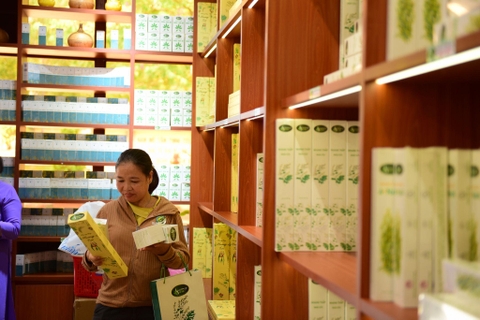 Dùng cây cỏ Việt bảo vệ sức khỏe người Việt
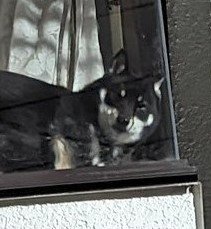 出所：@BLshiba_tensuke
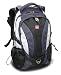 Swiss Gear SA9666 BackPack for Laptops (Grey)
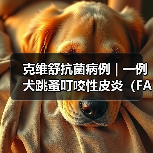 犬跳蚤过敏性皮炎诊断与综合管理策略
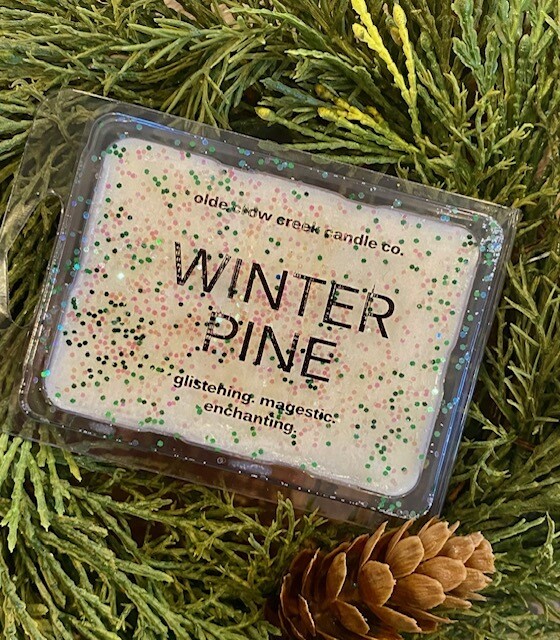Winter Pine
+ + +
**Activity**
Reproduce the entries above exactly. Do not include the images.

**Result of this task**
 Dùng cây cỏ Việt bảo vệ sức khỏe người Việt
 出所：@BLshiba_tensuke
 Swiss Gear SA9666 BackPack for Laptops (Grey)
 犬跳蚤过敏性皮炎诊断与综合管理策略
Winter Pine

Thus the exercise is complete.